On the structures side, you saw margins this quarter get back to historical levels. We had an unusual situation with Monrovia, which had unusually low revenue and other one-time costs as we were shutting down the facility in Q1, which subdued the overall structure segment margins. That got back to normal here in Q2, helped the structures business improve. We also had some better mix in there, which helped, in Q2 get the structures margins up.

Now with Monrovia costs being further cut down in Q3, and as Steve mentioned, we have less than 20 people now in that facility, we do believe that we will have similar levels of structures margins for the second half. And, of course, margins will continue to improve in 2025 as the restructuring savings start to kick-in and other initiatives take hold.

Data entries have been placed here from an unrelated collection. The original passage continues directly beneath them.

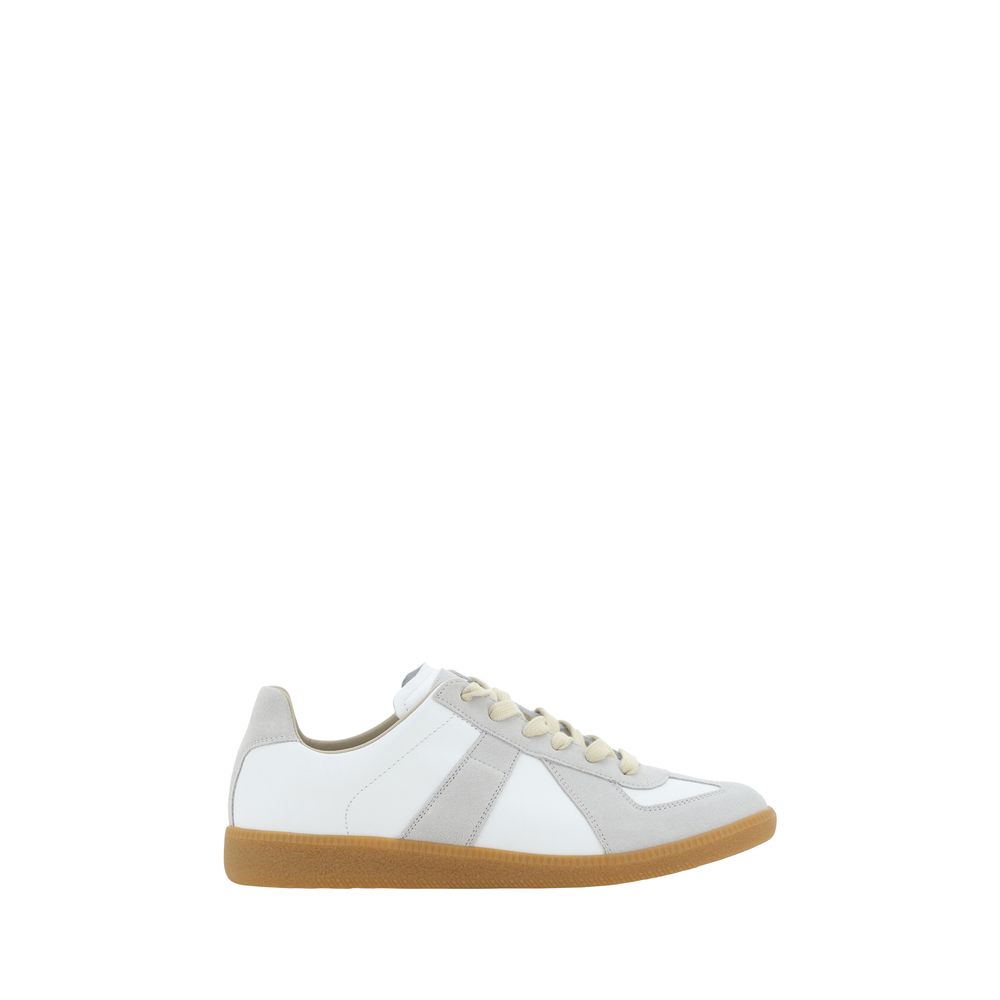 Maison Margiela Sneakers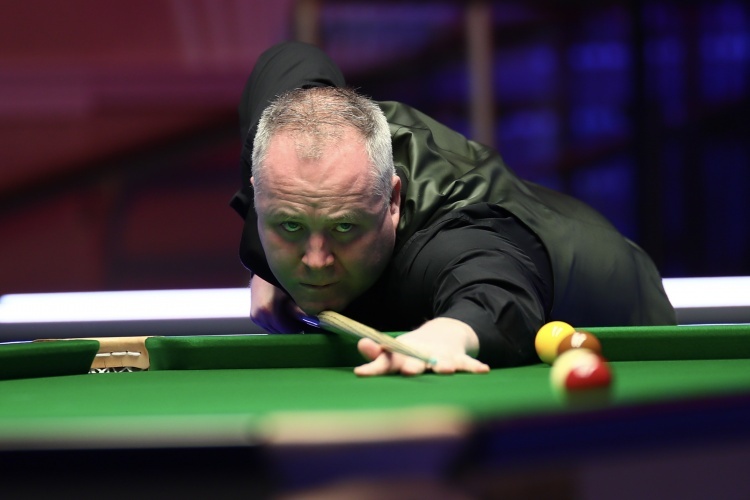 高尔夫运动 高尔夫运动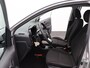 Kia Picanto 1.0 CVVT EconomyPlusLine | 1e Eigenaar | Airco | Elek. ramen | Radio/USB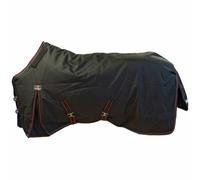 Outdoor horse blanket Catago
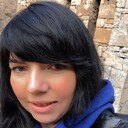 ���������� ������, ���� ������� �������, 41 ���, ������������ ��� ������, ����� � ���������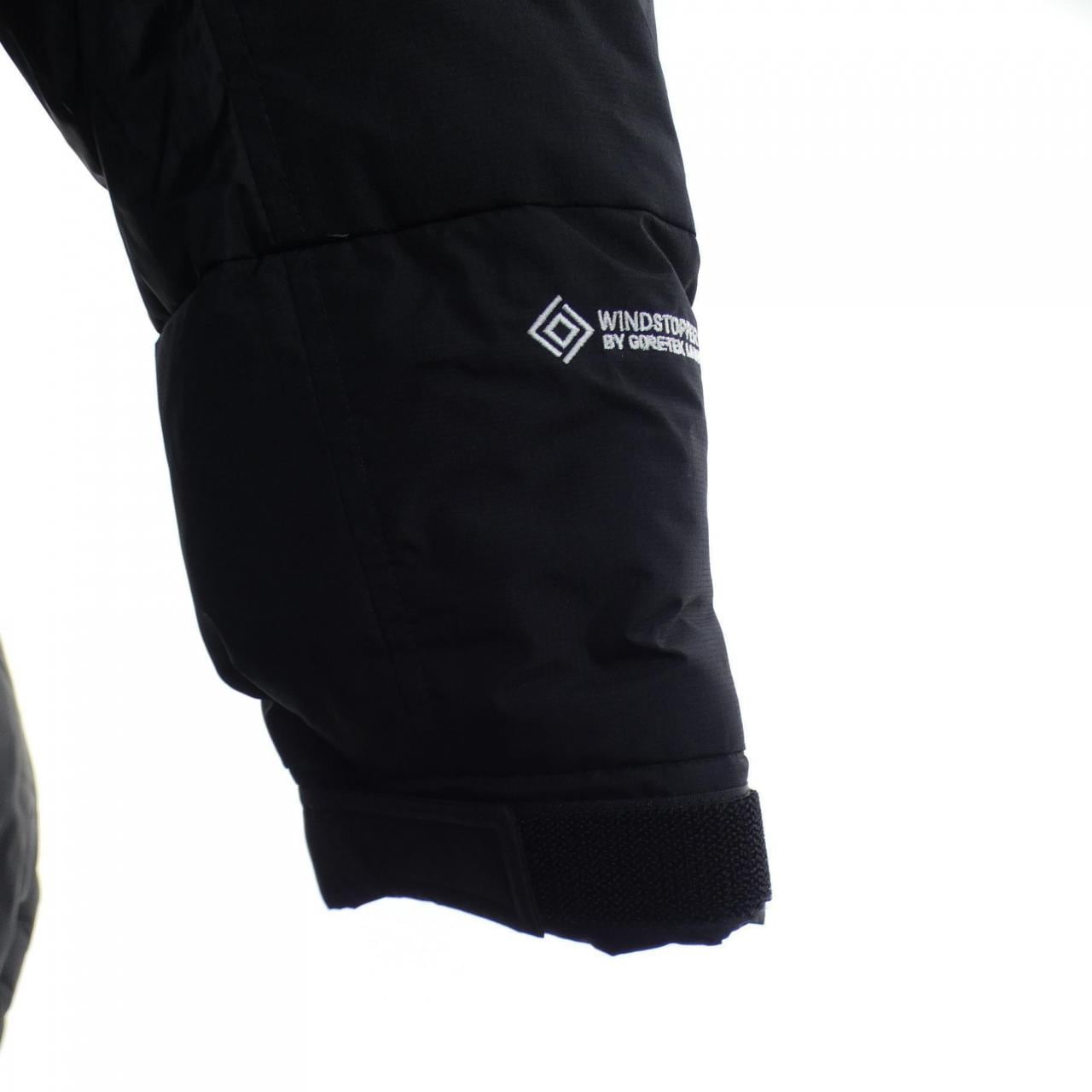 ザノースフェイス THE NORTH FACE ND92547 ダウンジャケット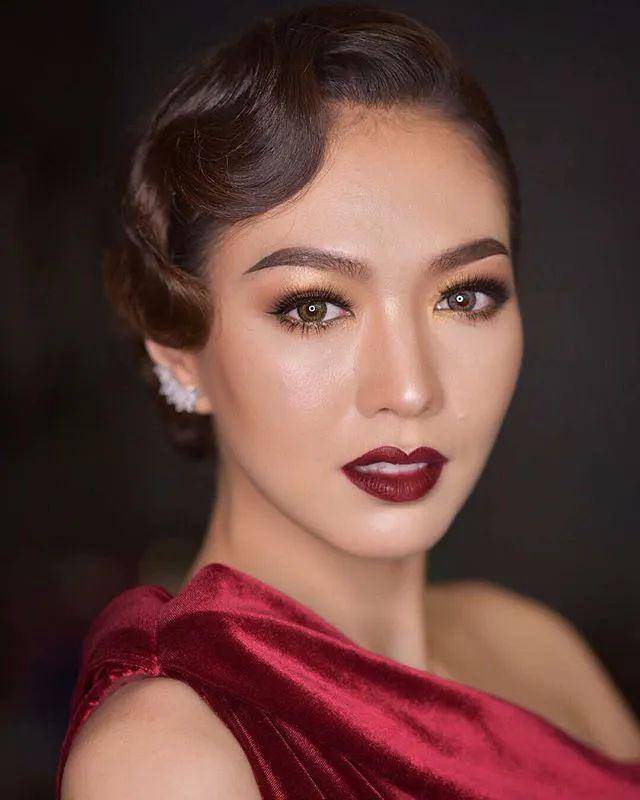 475f00a96942496f99d109c9c0617890.jpeg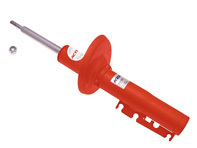 Koni Speciale Ammortizzatore Attivo POSTERIORE. Porsche 986 Boxster - 22-113320, 22-113320, 98633305104, 98633305106, 98633305120, 8745-1329 - VNEB332 Koni Speciale Ammortizzatore Attivo POSTERIORE. Porsche 986 Boxster - 22-113320, 22-113320, 98633305104, 98633305106, 98633305120, 8745-1329 - VNEB332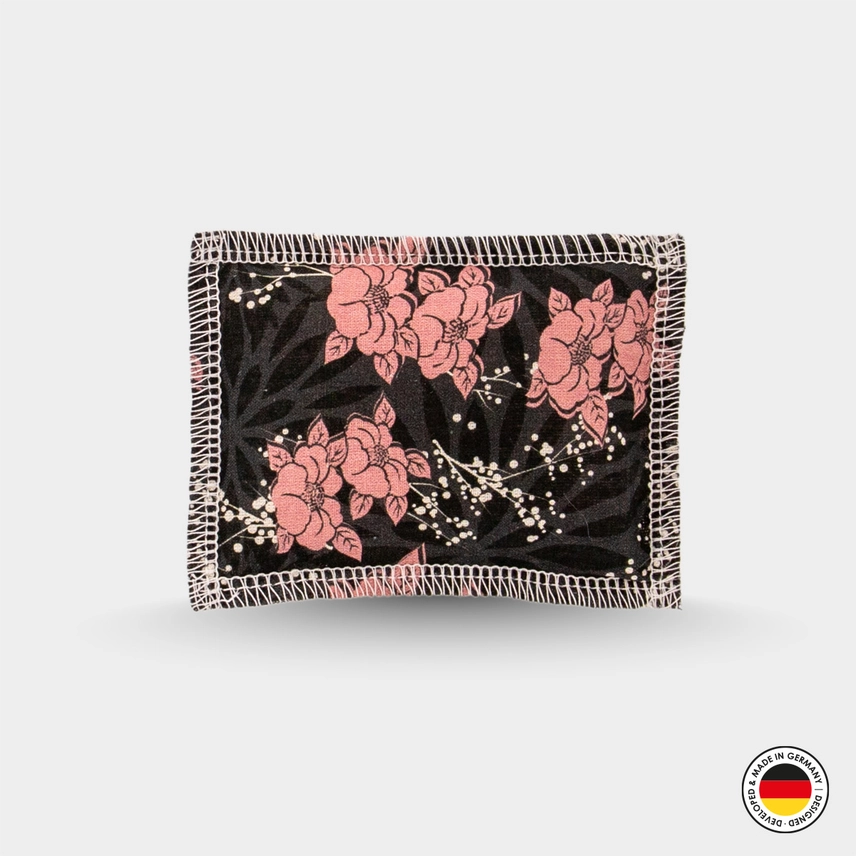 Katzen-Schmusekissen Japan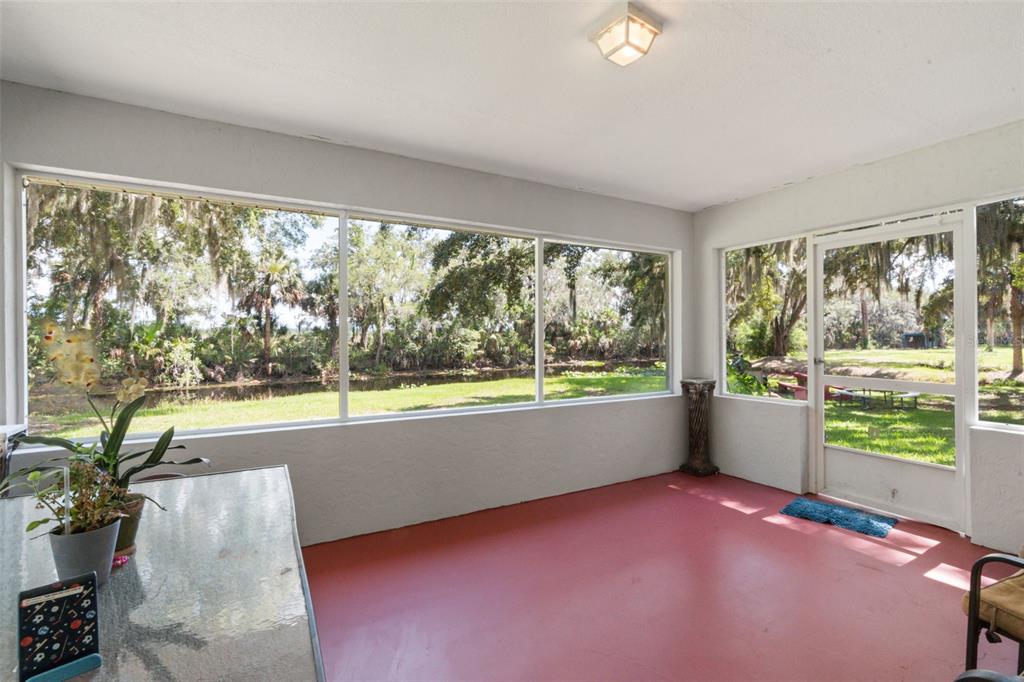 7938 Jacksons River Road Leesburg, FL 34788 - Photo 31 of 43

So long-term trajectory margins improve. Second half, I would say, margins are expected to stay in the same ballpark. Q2 margins, I would say, probably have about 75 basis points of favorable mix in them just overall at the DCO level, and -- but that's typical for us. And we expect to stay in that range, yes.

S
Stephen Oswald
executive

We're going to hold serve for the most part.

N
Noah Poponak
analyst

Last 1 I had was just your defense revenue had a bit of a, I guess, transition with F-18 and the timing of missile, I think, was how you described it. And it looks like maybe you've now lapped the former and then have had some orders on the ladder. Should we expect your defense revenues to kind of be stable going forward here, or can the growth rate accelerate?

S
Suman Mookerji
executive

We probably flattish here in the rest of 2024, as we continue to face tough compares on the F-18 in particular, as well as the TOW missile program. But with TOW coming back in 2025, as well as other programs such as the SPY-6 ramping up in 2025, we should have better times in defense starting next year. Yes.

S
Stephen Oswald
executive

We'll be better next year, for sure.

Operator

And there appears to be no further questions. I will turn the call back to Stephen Oswald for closing remarks.

S
Stephen Oswald
executive

Okay. Thank you very much and just wanted to thank everyone for joining us. Obviously, we're very enthusiastic about our numbers, about our performance as we close the second quarter. We feel great about where we are, and we look forward to continuing to build a performance story, as we move to our Vision 2027 financial goals. So again, we appreciate all the support, and wish you a good day. Thank you.

Operator

And thank you all for participating in today's conference. You may now disconnect.